PATN has association measures that are proven to recover underlying structure far better than the usual ones available in stats packages (eg Bray and Curtis, Kulczynski and two-step). Also, PATN’s custering techniques (both non-hierarchical and hierarchical) are adapted to maximise recovery by linking to known characteristics of the association measures. Ditto the ordination technique in PATN; SSH This is a hybrid of BOTH metric and non-metric scaling and is well proven over both traditional methds such as factor and principal components/coordinates.

But, aside from the ‘engines’ inside PATN, the real difference is in HOW PATN interacts with the user. A (very) complete analysis in PATN takes about a minute from the time you import data till the time you have the results. PATN scans incoming data and picks an analysis stratgey. general packages cannot do that. This is literally the trivial part of PATN (but as stated above, it is a ‘robust’ part).

The really interesting – and fun partit is the interactive 3d display where you really get to understand the patterns.
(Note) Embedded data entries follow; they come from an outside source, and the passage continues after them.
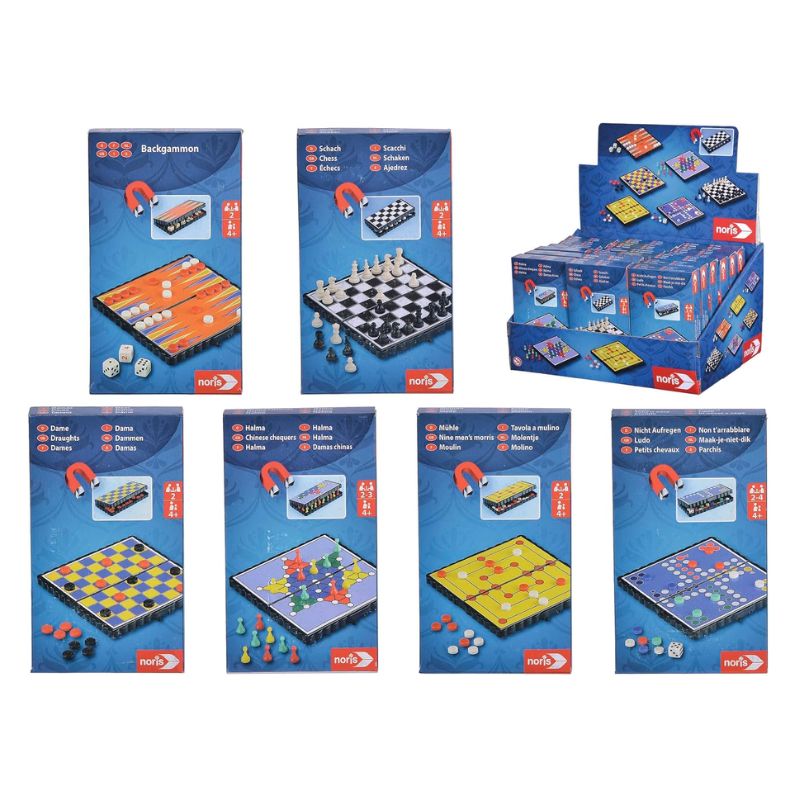 Noris Magnetic Travel Games
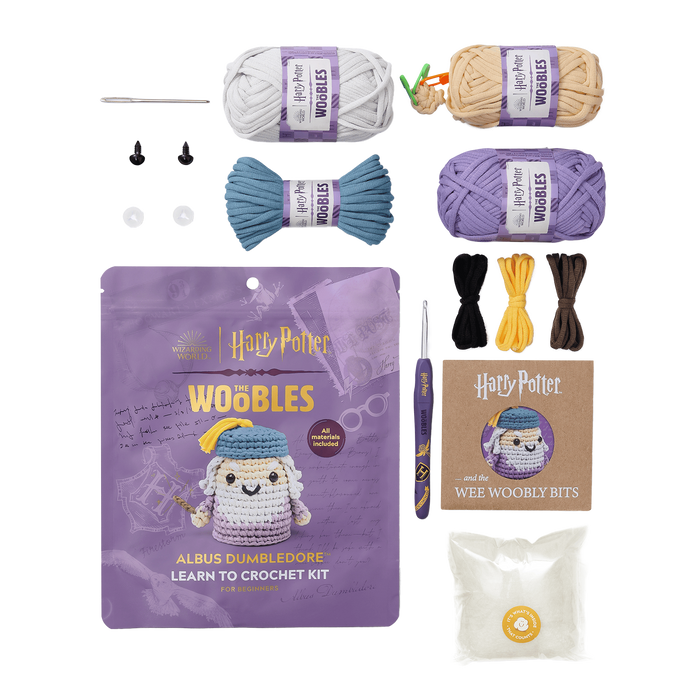 Woobles Dumbledore Crochet Kit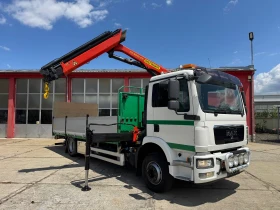 Man Tgm 15.250 + Palfinger 9001-EH C, снимка 6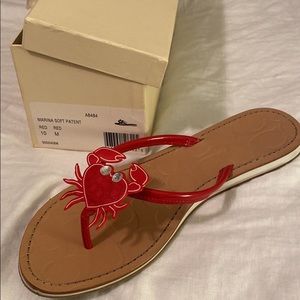 Coach Women’s Crab Sandals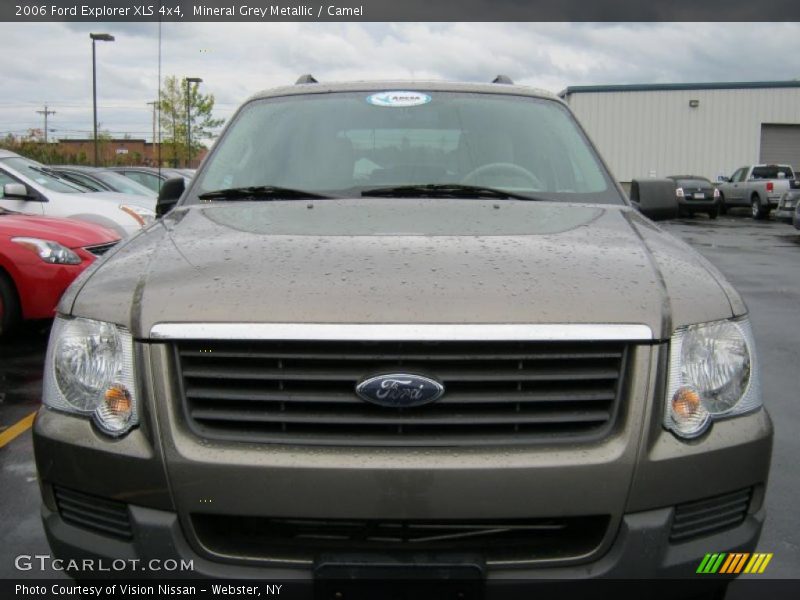 Mineral Grey Metallic / Camel 2006 Ford Explorer XLS 4x4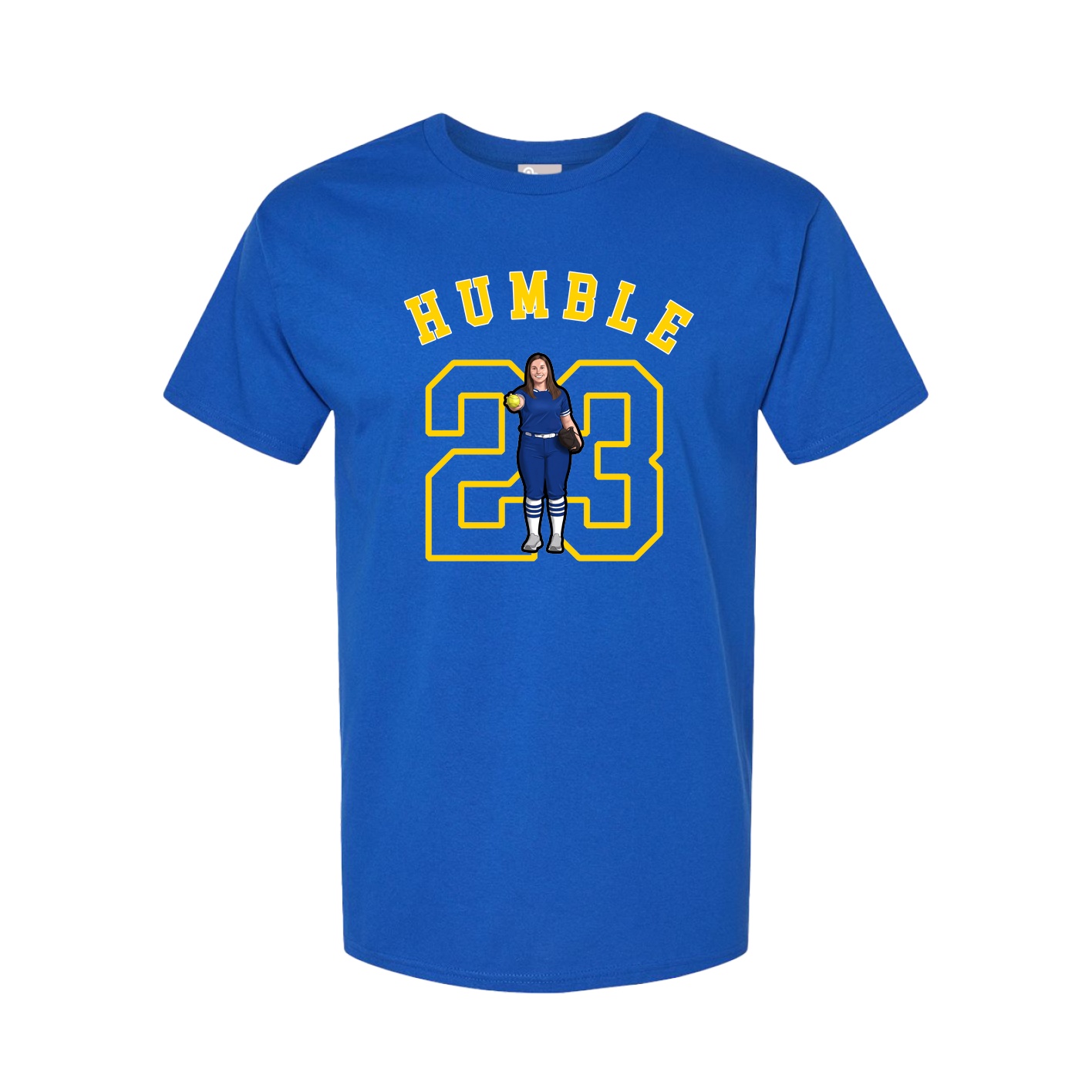 Youth Tee — Shirsey Arch in Royal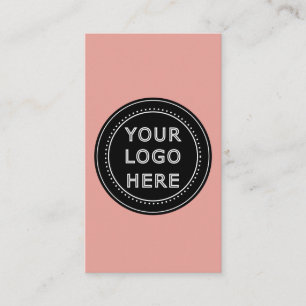 Modern, Minimalist, Elegant and Customisable  Calling Card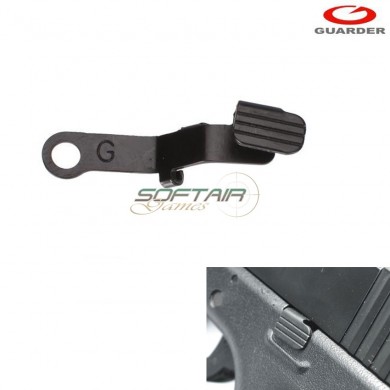 Type A Slide Stop For Marui/we Glock Guarder (glk-44-a-bk)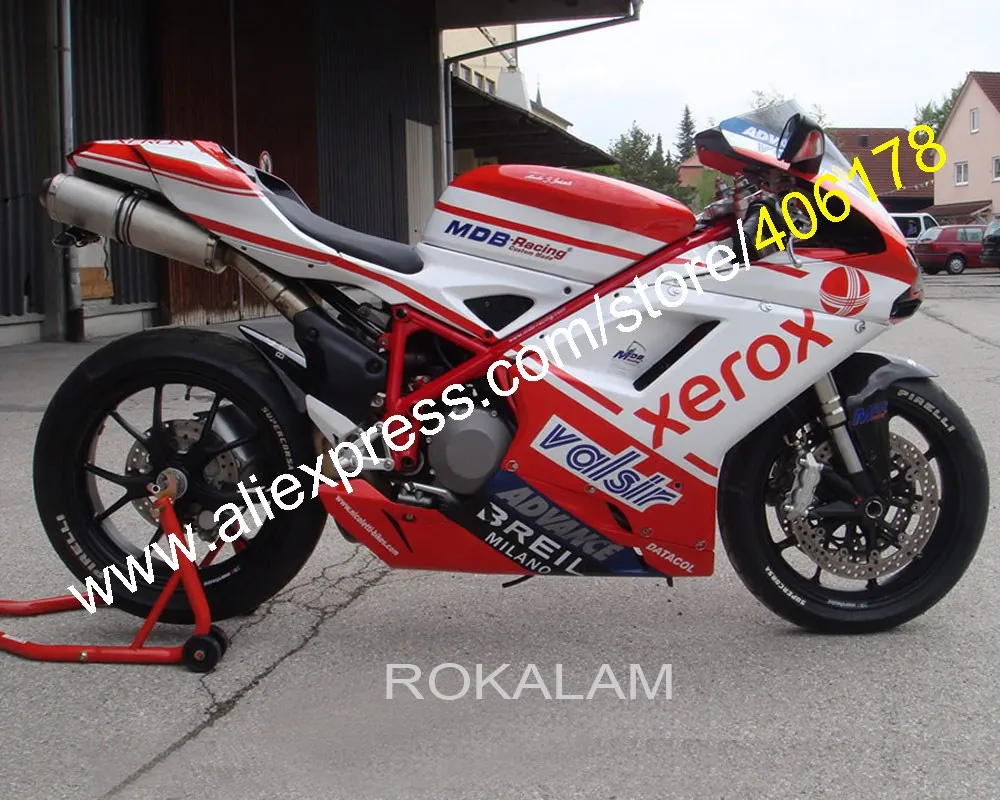 Replacement ABS Fairings For Ducati 1098 848 1198 2007 2008 2009 2010 2011 Fairing Kits (Injection Molding) | Автомобили и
This is where he results all come together into one dynamix, interactive display. As far as I am aware, there is no statistical package that goes anywhere near PATN in interactive visualization. If you havent experienced this, it’s hard to explain what it is like. The interrogation/evaluation options on this display are very powerful in getting users to think about data structures, causes, processes. It is here were most PATN users spend 99% of their time. Correctly so. This is how PATN v3 was designed.

Hope that helps a little. I could say a lot more about the differences (natural colour, object comparisons, association histograms…) but I’d be interested to see what other PATN users would say.